TASK REQUIREMENTS: Omit all pictures, then retype the data exactly as given.

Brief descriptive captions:
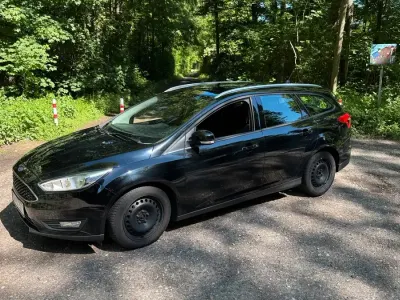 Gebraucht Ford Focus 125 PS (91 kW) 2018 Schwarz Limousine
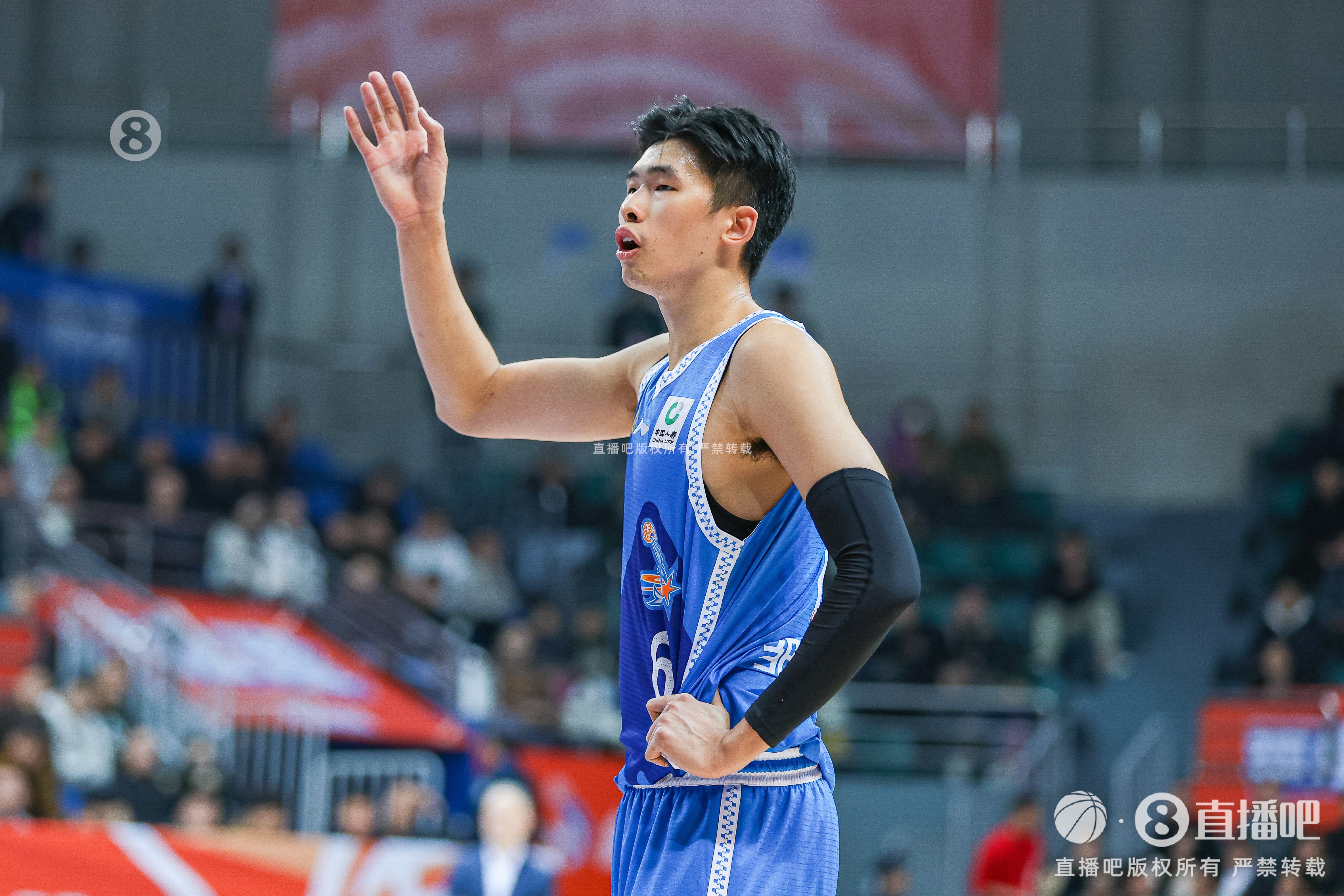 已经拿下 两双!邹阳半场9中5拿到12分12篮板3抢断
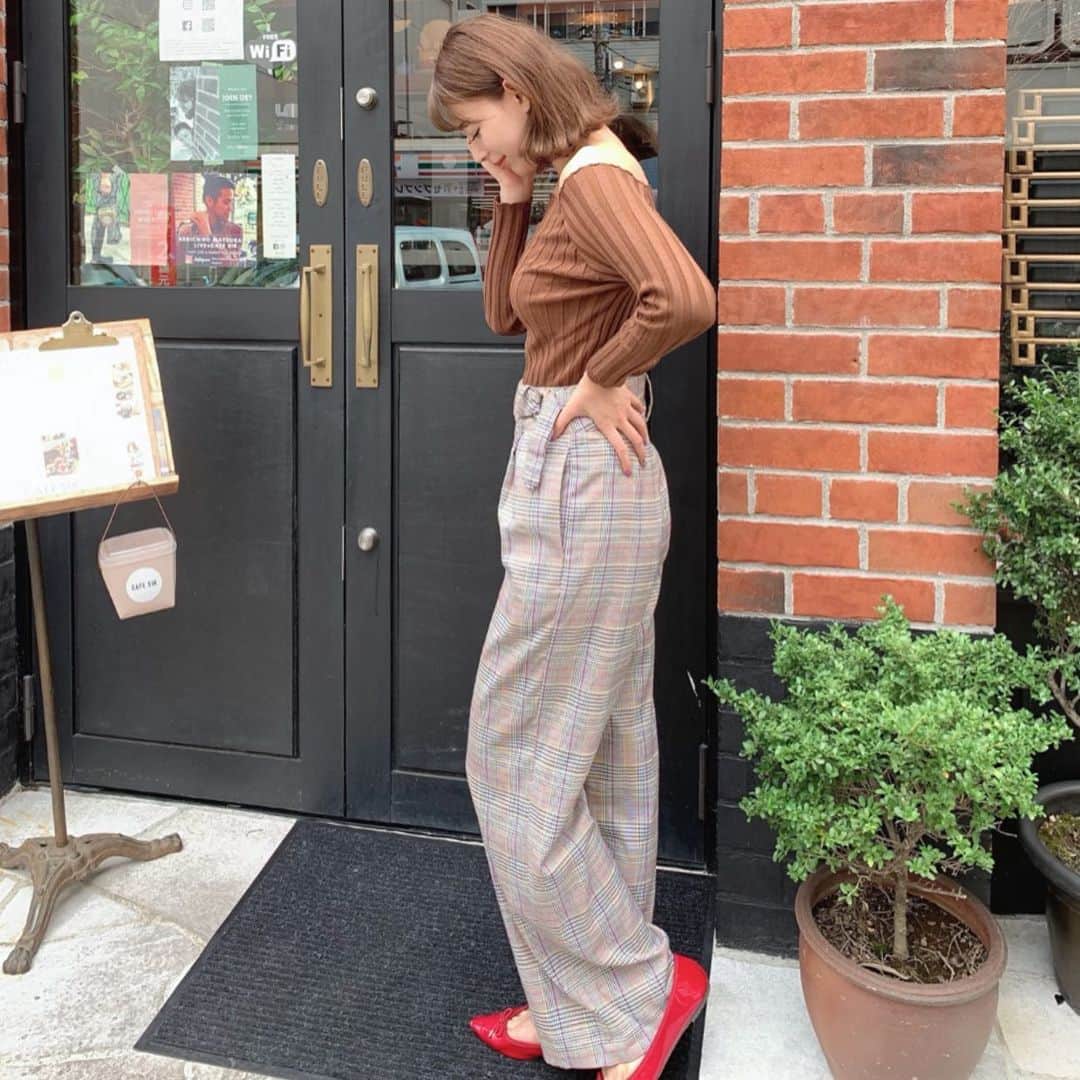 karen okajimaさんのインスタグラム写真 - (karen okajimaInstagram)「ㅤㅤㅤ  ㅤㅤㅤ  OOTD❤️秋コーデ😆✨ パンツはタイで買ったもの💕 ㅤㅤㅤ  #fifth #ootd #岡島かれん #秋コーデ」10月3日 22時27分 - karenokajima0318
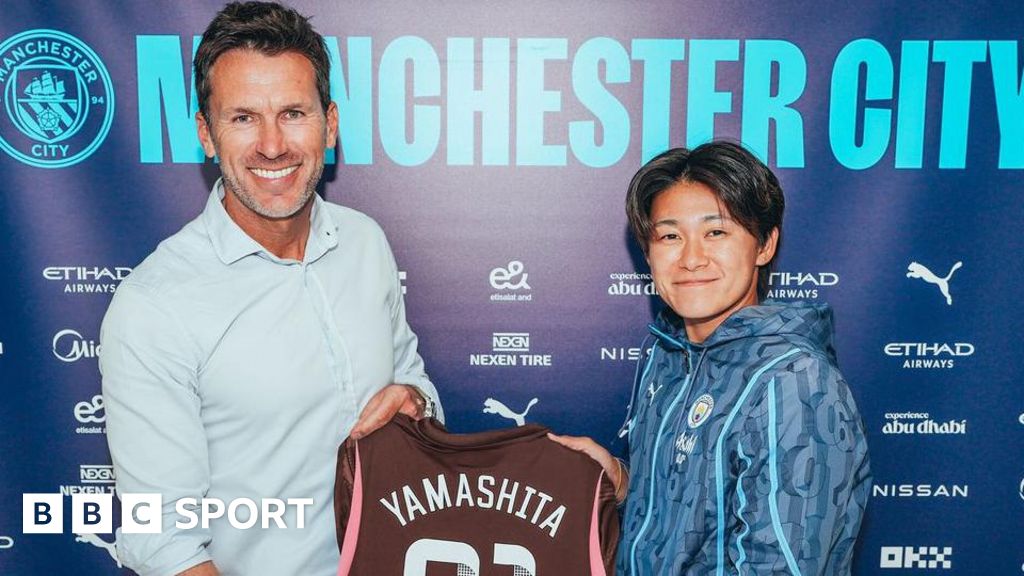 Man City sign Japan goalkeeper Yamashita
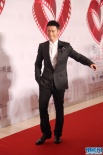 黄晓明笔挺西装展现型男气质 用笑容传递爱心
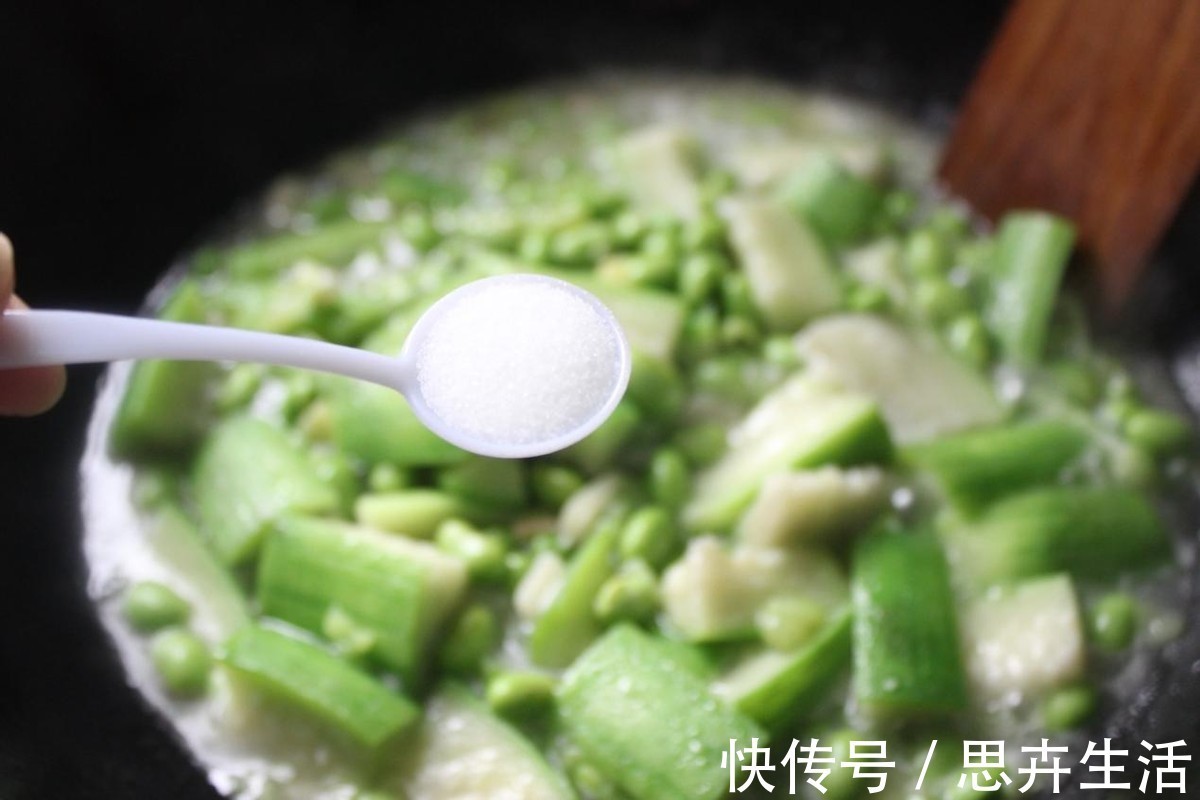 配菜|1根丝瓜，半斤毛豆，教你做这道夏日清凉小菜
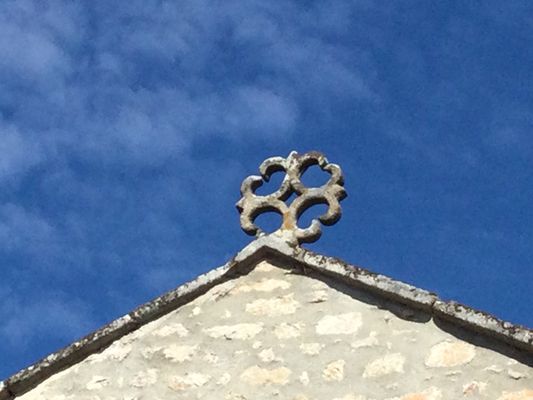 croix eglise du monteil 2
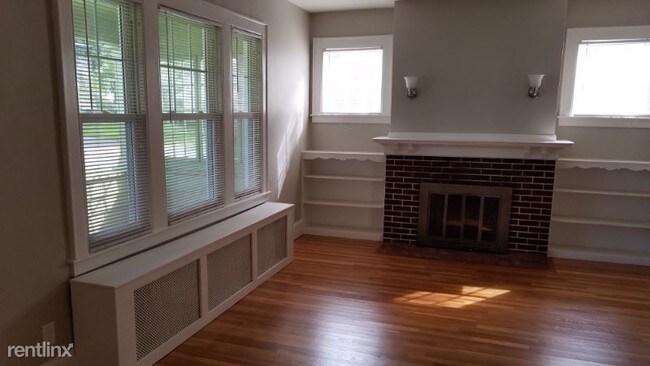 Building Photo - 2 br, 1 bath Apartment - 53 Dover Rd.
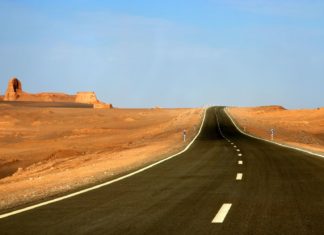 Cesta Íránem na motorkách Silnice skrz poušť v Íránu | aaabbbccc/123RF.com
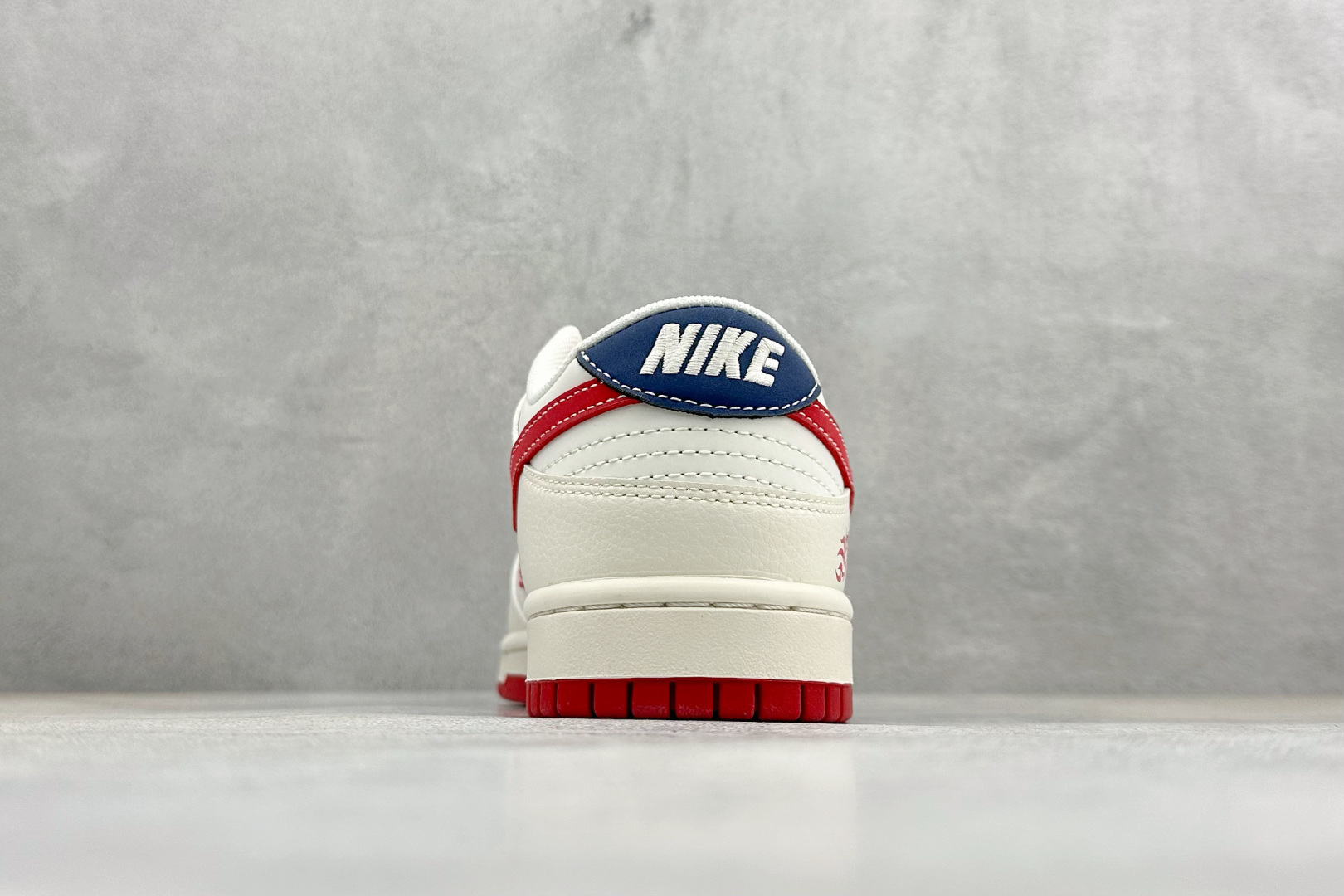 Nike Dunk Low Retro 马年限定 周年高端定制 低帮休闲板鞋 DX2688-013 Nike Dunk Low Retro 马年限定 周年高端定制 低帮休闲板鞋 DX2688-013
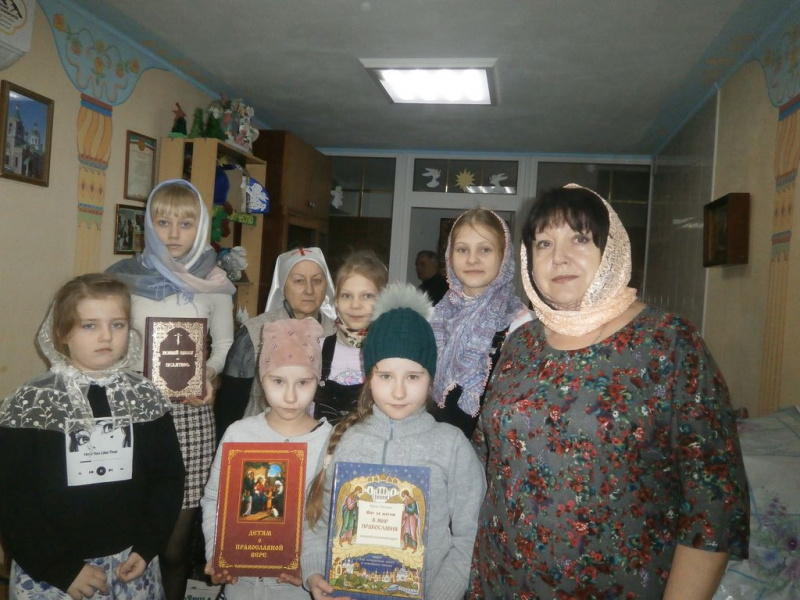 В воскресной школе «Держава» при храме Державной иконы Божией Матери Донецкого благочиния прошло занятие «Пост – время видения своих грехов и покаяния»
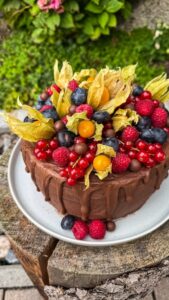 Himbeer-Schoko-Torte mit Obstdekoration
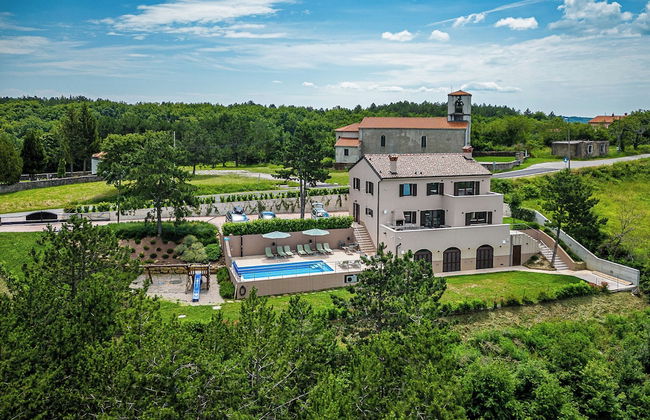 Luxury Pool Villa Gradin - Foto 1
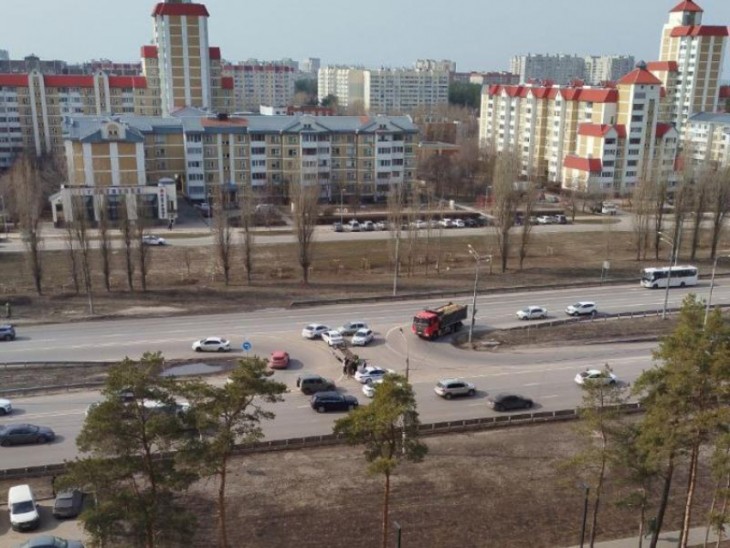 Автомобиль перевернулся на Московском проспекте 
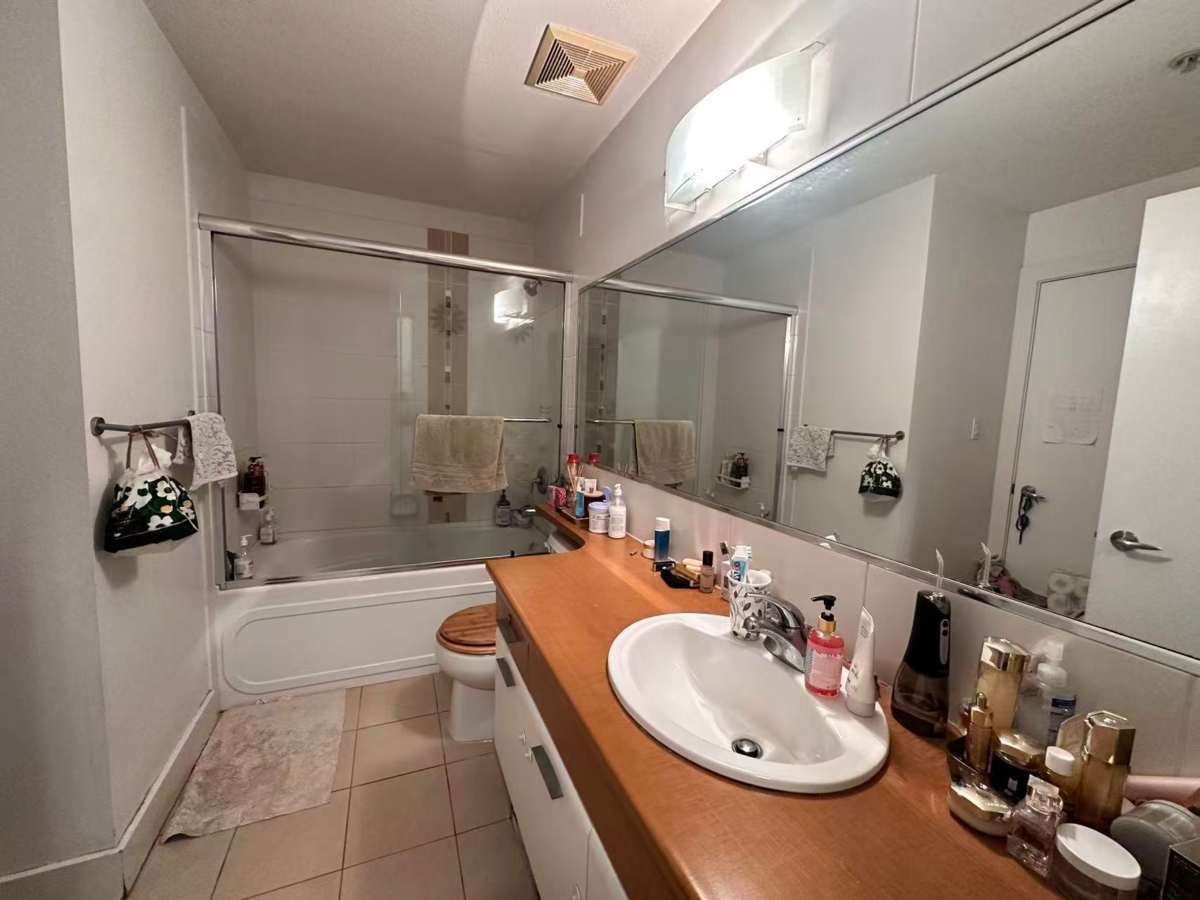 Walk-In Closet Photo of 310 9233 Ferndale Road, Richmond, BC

TASK RESULT:
 Gebraucht Ford Focus 125 PS (91 kW) 2018 Schwarz Limousine
 已经拿下 两双!邹阳半场9中5拿到12分12篮板3抢断
 karen okajimaさんのインスタグラム写真 - (karen okajimaInstagram)「ㅤㅤㅤ  ㅤㅤㅤ  OOTD❤️秋コーデ😆✨ パンツはタイで買ったもの💕 ㅤㅤㅤ  #fifth #ootd #岡島かれん #秋コーデ」10月3日 22時27分 - karenokajima0318
 Man City sign Japan goalkeeper Yamashita
 黄晓明笔挺西装展现型男气质 用笑容传递爱心
 配菜|1根丝瓜，半斤毛豆，教你做这道夏日清凉小菜
 croix eglise du monteil 2
 Building Photo - 2 br, 1 bath Apartment - 53 Dover Rd.
 Cesta Íránem na motorkách Silnice skrz poušť v Íránu | aaabbbccc/123RF.com
 Nike Dunk Low Retro 马年限定 周年高端定制 低帮休闲板鞋 DX2688-013 Nike Dunk Low Retro 马年限定 周年高端定制 低帮休闲板鞋 DX2688-013
 В воскресной школе «Держава» при храме Державной иконы Божией Матери Донецкого благочиния прошло занятие «Пост – время видения своих грехов и покаяния»
 Himbeer-Schoko-Torte mit Obstdekoration
 Luxury Pool Villa Gradin - Foto 1
 Автомобиль перевернулся на Московском проспекте 
 Walk-In Closet Photo of 310 9233 Ferndale Road, Richmond, BC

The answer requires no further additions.